In Feb 2009, God put something major in my life. My all time dream has always been to sing for a living. Not only did he help me with that but he connected me with Drew Bodine, the Worship Leader at Central Christian Church. Drew and I went out for lunch to talk about the possibility of me joining their worship team. Not only did I get the chance to do that, but he decided to make me his intern. Until this point, I was working at a crappy job that I did not enjoy and did not feel like I was living for a purpose. On Wednesday, we decided that this was Gods plan. That Wednesday night Drew called me and asked, “Do you want to co-lead young adults youth group with me?”. My first reaction was that he had to be kidding.

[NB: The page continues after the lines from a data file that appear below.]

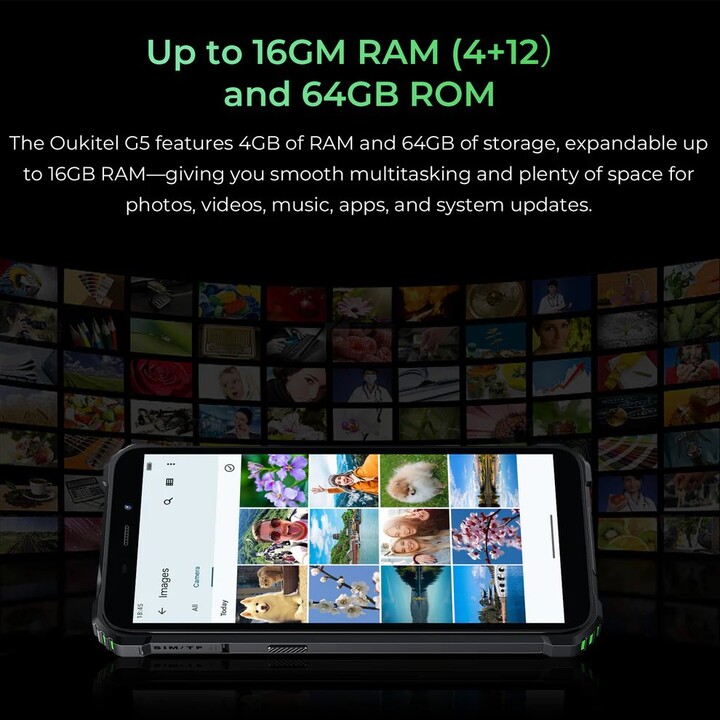 Oukitel G5, 4+12GB RAM, 64GB/TF 1TB, 900LM Dual Camping Light, 6 pantalla, 6300 mAh, 13MP, Sim dual, Naranja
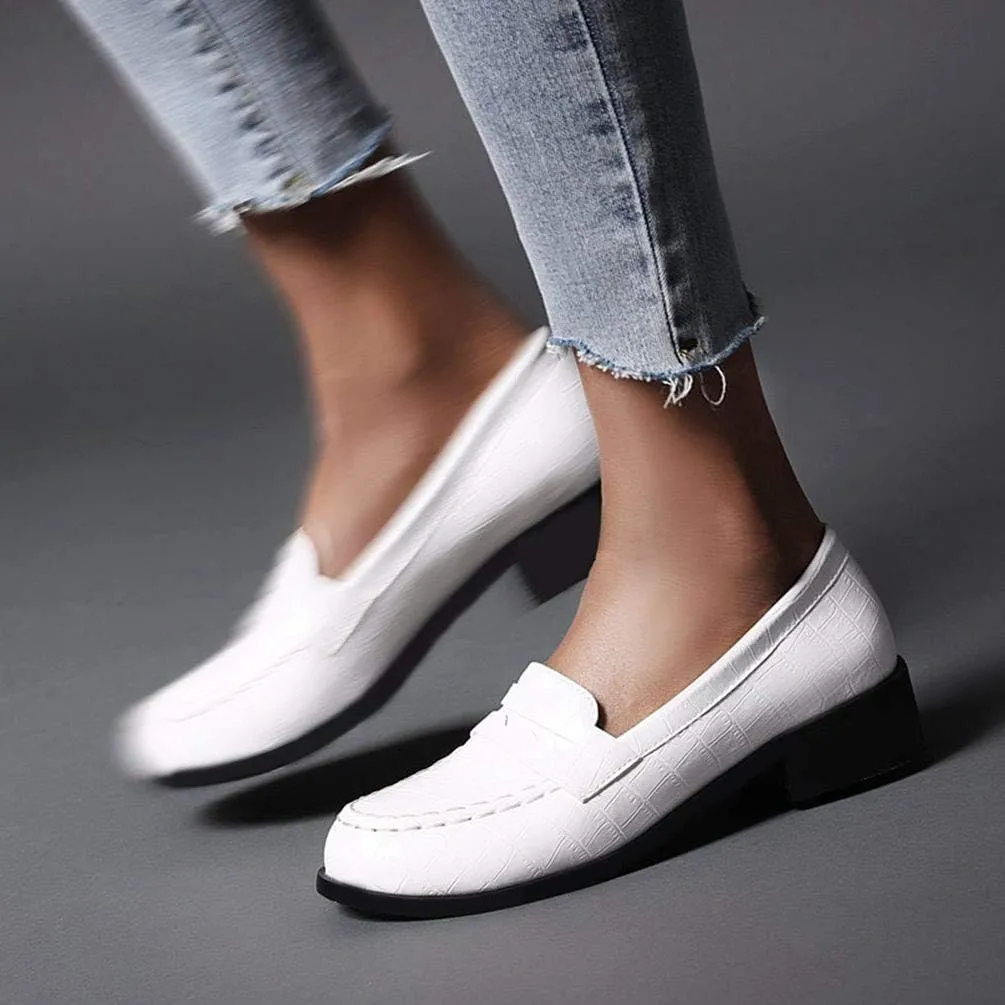 Caradise Womens Chunky Low Heel Loafers Round Toe Slip On Casual Shoes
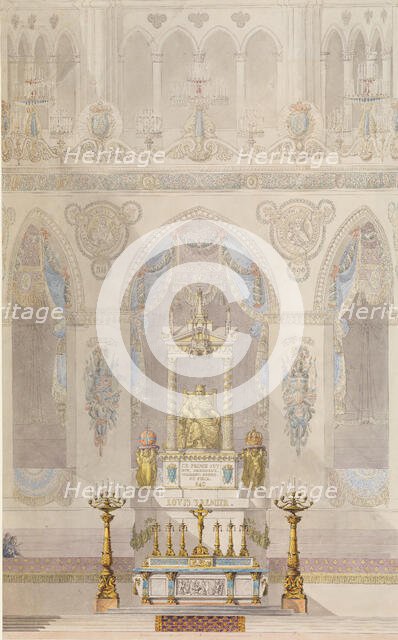 Elevation of Altar with Statue of Louis I, Reims Cathedral, n.d.. Creators: Charles Percier, Pierre Francois Leonard Fontaine.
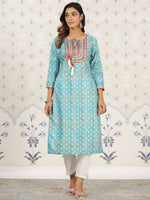 Thumbnail for Ode by House of Pataudi Sea Green Ethnic Printed Tie-Up Neck Gotta Patti Straight Kurta - Distacart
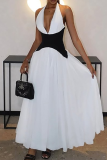 Elegant Solid Color Backless Contrast Halter Long Dresses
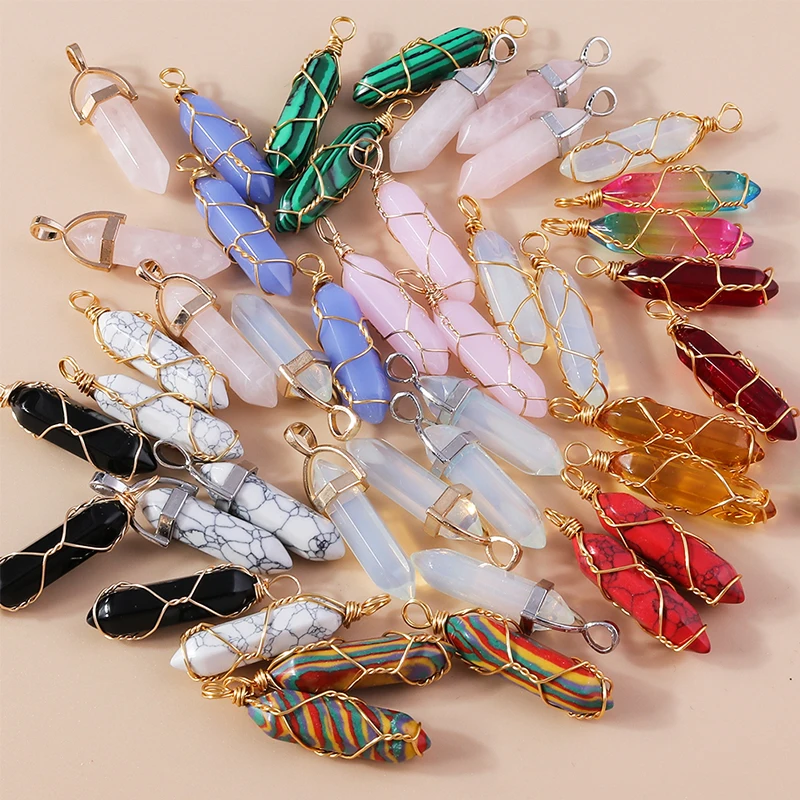 Tusember Mix 5 Stück natürlicher Edelstein Quarzkristall sechseckiger Anhänger Reiki Steine für DIY Schmuckherstellung Halskette Ohrringe Handwerk – Detail 2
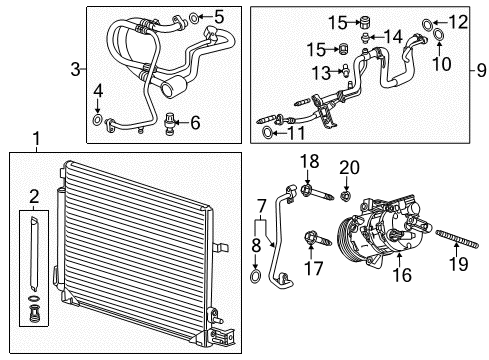 2016 Cadillac CTS A/C Condenser, Compressor & Lines Mount Bolt Diagram for 11588729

It is crazy how different Gods time is than my own. I was super excited and I said yes. That Thursday, I got to lead in worship and it changed my life and the way I look at God and worship. That weekend, the plan was for me to chill backstage and see how everything works. God had a different idea. One of the male vocalists did not show up. God had another curve ball he was going to throw at me. Laura, the person that chooses who is on the stage every weekend, came up to me and said “Do you think you can learn the songs and sing in 2 hours?”. I was so shocked but quickly said “yes”. I got to sing that weekend at Central and worship in front of thousands of people and it was amazing and life changing. God made it obvious to me that Central Christian Church is the place I belong. God gave me the gift of worship and he helped me get where I need to be to become a worship leader
The year of 2009 has been a struggle financially for my family. The economy has caused house sales to go down and my dad is a Loan Officer so that has forced him out of work. My dad for all of my life has been the one that would provide for my family. Since the economy has crashed he hasn’t been able to do that. For a little over a year we’ve had to live month to month waiting on my moms disability money. This has been a struggle for my family because in the past we were so used to everything being so easy. My family went from being upper class to losing our home, 3 cars and boat. I was put in a place where I was out of control of the situation. This has put all sorts of feelings in my body that I didn’t know I could feel. If I was to describe the feeling in one word it would be STUCK. Stuck in a place where I was vulnerable and uncomfortable. The way I responded to this feeling was with trust, and faith. Trust and faith that God would take this situation and be the one who would provide for my family. I surrendered everything to God because he is in full control. Since I have surrendered everything I have realized that God has provided my family with everything we need. We have a place to sleep, food, a car, and amazing friends. I even added a moped on that list in October 2009. God is in control.